Ausgabe 37/2017 - 15.09.2017
Berlin (epd). Drei Viertel der Bevölkerung halten die aktuelle Vermögensverteilung in Deutschland für ungerecht. Das ist das Ergebnis einer am 12. September vorgestellten Umfrage der Dienstleistungsgewerkschaft ver.di und des Paritätischen Gesamtverbands. Eine breite Mehrheit spricht sich demnach für mehr Staatsausgaben in der Sozial-, Wohnungs- und Bildungspolitik sowie für höhere Steuern für Reichen aus. Ver.di-Chef Frank Bsirske und der Hauptgeschäftsführer des Paritätischen Gesamtverbands, Ulrich Schneider, sehen darin ihre Forderungen nach einer stärkeren Umverteilung in Deutschland bestätigt.
Der Befragung zufolge empfinden 91 Prozent der SPD-Anhänger und 55 Prozent der CDU/CSU-Anhänger die Vermögensverteilung in Deutschland als ungerecht. Auch die Befragten mit anderen Parteipräferenzen vertreten mehrheitlich diese Auffassung. Einzige Ausnahme sind die FDP-nahen Umfrage-Teilnehmer.

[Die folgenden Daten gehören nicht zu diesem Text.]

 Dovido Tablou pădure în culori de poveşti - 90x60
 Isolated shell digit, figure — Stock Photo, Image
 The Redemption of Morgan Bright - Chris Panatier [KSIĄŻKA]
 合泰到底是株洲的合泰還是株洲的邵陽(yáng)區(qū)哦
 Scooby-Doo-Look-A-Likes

Von den insgesamt 1.005 Befragten vertreten 70 Prozent die Ansicht, dass die Kluft zwischen Arm und Reich ein Maß erreicht hat, das den sozialen Frieden in Deutschland gefährdet. Diese Haltung teilte auch die Mehrzahl der befragten FDP-Anhänger. 78 Prozent befindet zudem, dass in der Bildung zu wenig investiert wird. 73 Prozent beklagen zu wenig Investitionen für bezahlbare Wohnungen, 62 Prozent wünschen höhere Sozialausgaben. 84 Prozent sprachen sich für ein stärkeres Engagement des Staates bei der Bekämpfung der Altersarmut, 77 Prozent bei der Pflege und 72 Prozent bei Hilfen für benachteiligte Kinder und Jugendliche aus.

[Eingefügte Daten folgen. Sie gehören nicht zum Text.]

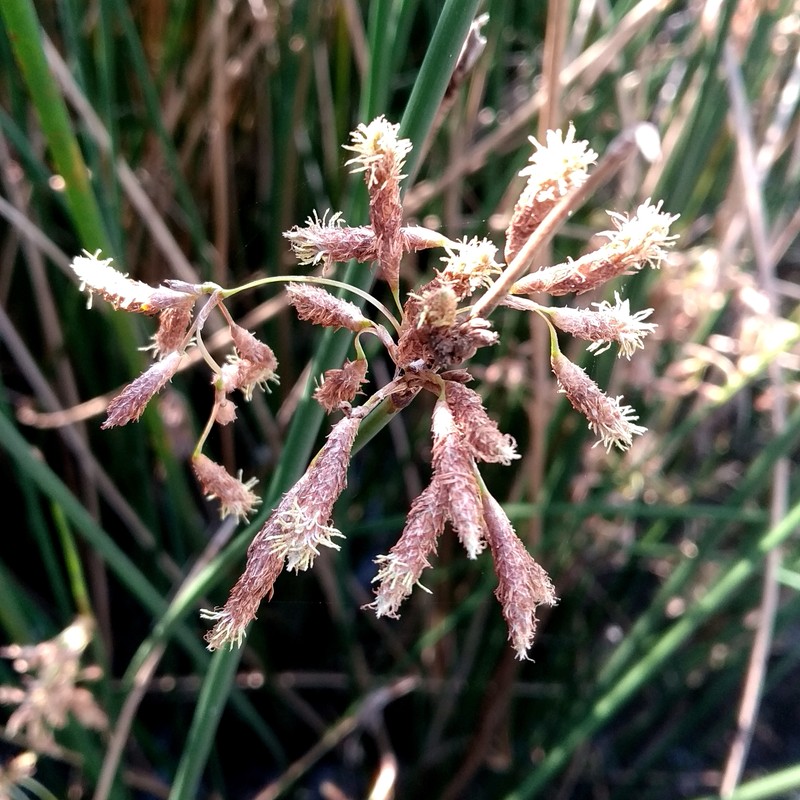 Bulrush photo 2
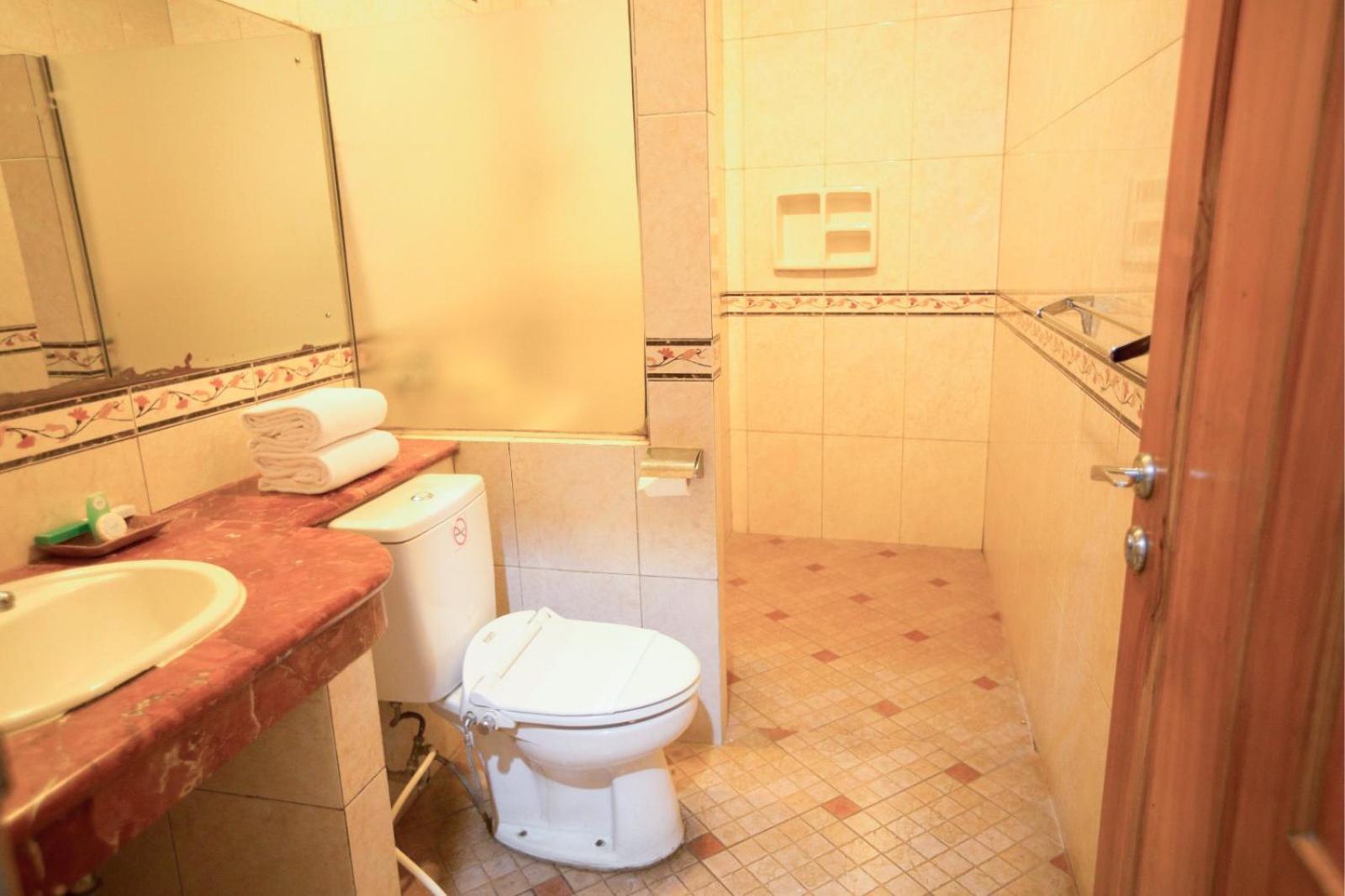 Superior Double or Twin Room photo 3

Für Steueranhebungen auf sehr hohe Einkommen und große Vermögen plädierten ebenfalls drei Viertel der Befragten. Die Zustimmungsquoten lagen bei den AfD-Anhängern bei 72 Prozent, bei den Grünen-Sympathisanten bei 89 Prozent und bei den SPD- und Linke-nahen Befragten je bei 87 Prozent. Nur die Anhänger der FDP lehnen Steuererhöhungen mehrheitlich ab. Insgesamt halten 77 Prozent eine Anhebung der Vermögenssteuer und 67 Prozent der Einkommensteuer für das richtige Instrument. Nur 45 Prozent plädieren für eine höhere Erbschaftssteuer.
Schneider zog aus der Umfrage ein klares Fazit: "Die ganz breite Mehrheit der Bevölkerung will einen Kurswechsel in der Steuerpolitik, damit der Staat seinen drängenden sozialpolitischen und bildungspolitischen Aufgaben nachkommen kann." Die Menschen wollten in parteiübergreifender Mehrheit eine solidarische Steuerpolitik, die Reiche stärker in die Verantwortung nehme. Die nächste Bundesregierung müsse deshalb "der Mehrheit ihrer Anhängerschaft" folgen.

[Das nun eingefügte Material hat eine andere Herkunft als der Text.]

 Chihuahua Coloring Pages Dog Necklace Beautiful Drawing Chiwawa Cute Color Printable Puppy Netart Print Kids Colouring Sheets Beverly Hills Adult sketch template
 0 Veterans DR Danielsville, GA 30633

Bsirske unterstrich, die Umfrage zeige, dass eine umverteilende Steuer- und Ausgabenpolitik einen starken gesellschaftlichen Rückhalt habe. Dies sei keine parteipolitische, sondern eine moralische Frage. "Letztendlich geht es darum zu entscheiden, in was für einer Gesellschaft wir leben wollen", sagte er. Im Wahlkampf hätten die Parteien das Thema aber nur "halbherzig" aufgegriffen. Jetzt hätten sie noch zwei Wochen Zeit, das Thema zuzuspitzen.
Eine Diskrepanz zwischen den Ergebnissen der Umfrage und den Wahlprognosen, wonach Bundeskanzlerin Angela Merkel (CDU) die Wahl gewinnen wird, sehen Schneider und Bsirske nicht. Die Sonntagsfragen seien erfahrungsgemäß «sehr volatil», zudem hätten sich viele Wähler noch nicht festgelegt, sagte Schneider.
Eine parteipolitische Wahlempfehlung wollten weder er noch Bsirske aussprechen. Allerdings berge eine Koalition aus Union und FDP auch "kein Versprechen für eine Verbesserung", sagte Bsirske.